Faut-il voir, à l’inverse, dans la seconde vie de certains autres politiques, pourtant accusés d’avoir menti, un privilège "de droite" ? Pas si l’on en juge par l’affaire Fillon, où le facteur de la couleur politique, au vu des ambitions présidentielles du mis en cause et de la gravité des faits reprochés, a semblé au contraire exacerber les critiques.

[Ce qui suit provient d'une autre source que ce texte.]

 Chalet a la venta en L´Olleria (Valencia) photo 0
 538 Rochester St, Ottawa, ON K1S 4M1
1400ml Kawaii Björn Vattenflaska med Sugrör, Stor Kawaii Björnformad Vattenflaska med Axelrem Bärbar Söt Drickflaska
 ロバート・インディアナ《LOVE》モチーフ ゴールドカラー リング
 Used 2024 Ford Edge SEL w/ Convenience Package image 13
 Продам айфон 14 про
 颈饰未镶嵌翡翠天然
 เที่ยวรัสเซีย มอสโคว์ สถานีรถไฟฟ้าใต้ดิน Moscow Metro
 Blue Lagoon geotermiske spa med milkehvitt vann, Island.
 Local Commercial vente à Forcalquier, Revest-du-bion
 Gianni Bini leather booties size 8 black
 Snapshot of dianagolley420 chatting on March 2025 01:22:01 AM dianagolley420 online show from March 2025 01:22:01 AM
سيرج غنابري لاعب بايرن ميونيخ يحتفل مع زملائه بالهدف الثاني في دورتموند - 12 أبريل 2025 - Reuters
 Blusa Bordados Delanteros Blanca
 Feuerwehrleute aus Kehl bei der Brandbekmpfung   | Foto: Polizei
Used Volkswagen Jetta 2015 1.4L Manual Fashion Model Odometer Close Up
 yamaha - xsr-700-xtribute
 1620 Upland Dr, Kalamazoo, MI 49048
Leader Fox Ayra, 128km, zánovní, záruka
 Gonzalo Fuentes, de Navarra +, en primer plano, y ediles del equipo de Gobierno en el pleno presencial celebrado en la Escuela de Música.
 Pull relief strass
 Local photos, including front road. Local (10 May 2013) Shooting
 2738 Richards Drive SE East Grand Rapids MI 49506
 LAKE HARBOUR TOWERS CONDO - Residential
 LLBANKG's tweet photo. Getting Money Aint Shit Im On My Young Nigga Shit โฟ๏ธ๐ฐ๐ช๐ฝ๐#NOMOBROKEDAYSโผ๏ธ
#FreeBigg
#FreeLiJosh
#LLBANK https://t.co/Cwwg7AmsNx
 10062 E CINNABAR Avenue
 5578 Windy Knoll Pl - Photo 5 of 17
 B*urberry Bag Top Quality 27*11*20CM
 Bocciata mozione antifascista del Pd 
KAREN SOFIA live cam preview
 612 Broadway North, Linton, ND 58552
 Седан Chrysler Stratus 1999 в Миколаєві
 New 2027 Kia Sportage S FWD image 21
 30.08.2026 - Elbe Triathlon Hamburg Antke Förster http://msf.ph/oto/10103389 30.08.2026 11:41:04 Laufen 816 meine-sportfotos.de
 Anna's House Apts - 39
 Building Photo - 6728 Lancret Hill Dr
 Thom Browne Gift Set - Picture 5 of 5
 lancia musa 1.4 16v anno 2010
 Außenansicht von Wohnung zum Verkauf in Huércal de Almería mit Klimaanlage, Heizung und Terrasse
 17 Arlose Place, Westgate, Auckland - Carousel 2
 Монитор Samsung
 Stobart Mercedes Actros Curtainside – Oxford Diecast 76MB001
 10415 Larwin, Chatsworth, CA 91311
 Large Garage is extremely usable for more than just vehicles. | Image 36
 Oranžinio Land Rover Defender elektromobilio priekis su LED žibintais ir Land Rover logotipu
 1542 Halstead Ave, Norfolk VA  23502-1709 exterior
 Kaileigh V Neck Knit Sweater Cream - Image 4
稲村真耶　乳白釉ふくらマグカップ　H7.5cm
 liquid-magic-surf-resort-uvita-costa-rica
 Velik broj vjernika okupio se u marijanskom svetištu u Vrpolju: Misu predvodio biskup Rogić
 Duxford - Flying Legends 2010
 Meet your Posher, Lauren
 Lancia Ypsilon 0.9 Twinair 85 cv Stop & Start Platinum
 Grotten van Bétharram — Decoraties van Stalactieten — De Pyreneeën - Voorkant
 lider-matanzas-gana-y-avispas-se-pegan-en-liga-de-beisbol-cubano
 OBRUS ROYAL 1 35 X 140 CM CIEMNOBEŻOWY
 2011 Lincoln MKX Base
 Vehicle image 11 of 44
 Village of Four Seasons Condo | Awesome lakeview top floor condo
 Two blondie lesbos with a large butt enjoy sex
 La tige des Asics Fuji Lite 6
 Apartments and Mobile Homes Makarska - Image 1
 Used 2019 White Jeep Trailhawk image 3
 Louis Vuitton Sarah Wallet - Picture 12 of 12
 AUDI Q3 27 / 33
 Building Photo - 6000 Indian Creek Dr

Reste que les anciens édiles levalloisiens, Patrick et Isabelle Balkany, ont certes été mis au ban de la classe politique et condamnés en justice pour blanchiment de fraude fiscale – celle-ci ayant pointé une "permanence dans le mensonge", reste que ces derniers sont aujourd’hui de véritables stars des réseaux sociaux et qu’Isabelle Balkany jouit désormais d’un surnom : "la terreur du 92".

Plus que la couleur politique, la popularité joue aussi un rôle. Qui n’a jamais rencontré un "fan" de Bernard Tapie ? Celui-ci avait pourtant reconnu, dans une phrase devenue culte, avoir menti mais "de bonne foi" lors du procès VA-OM. De la même façon, à l’époque de la mise en examen de Patrick Balkany, plusieurs Levalloisiens avaient même créé une association pour payer sa caution. Un peuple satisfait est-il un peuple prêt à fermer les yeux sur les errances de ses élus ? Ou alors, ce serait une question d’affect. On se souvient de François Mitterrand, dont les mensonges tant sur les écoutes de l’Élysée, sa double vie et sa maladie ont défrayé la chronique. Nostalgie bienveillante ou romantisme à la française, les traditionnels baromètres Ifop confirment d’année en année une popularité tenace.

Prouver l’intention

Dans Sur le mensonge, Saint-Augustin décrivait celui-ci comme le fait d’énoncer une chose fausse avec "l’intention" de tromper. Peut-être est-ce là le facteur déterminant qui a valu à certains une éphémère polémique, plutôt qu’un lourd scandale. Surtout, si, comme le préconisait l’auteur de L’Art du mensonge politique (un texte attribué à Jonathan Swift) l’on a soustrait ses mensonges "à toute vérification possible". Certains se souviennent peut-être de la singulière polémique ayant visé Laurent Wauquiez en 2008. Lors de la mort de Sœur Emmanuelle, ce dernier avait assuré l’avoir rencontrée "une dizaine de fois", ce que des proches de la religieuse avaient contredit. C’en est ainsi en politique : version contre faits, le mensonge peut coûter cher ; version des uns contre version des autres, l’ambiguïté protège.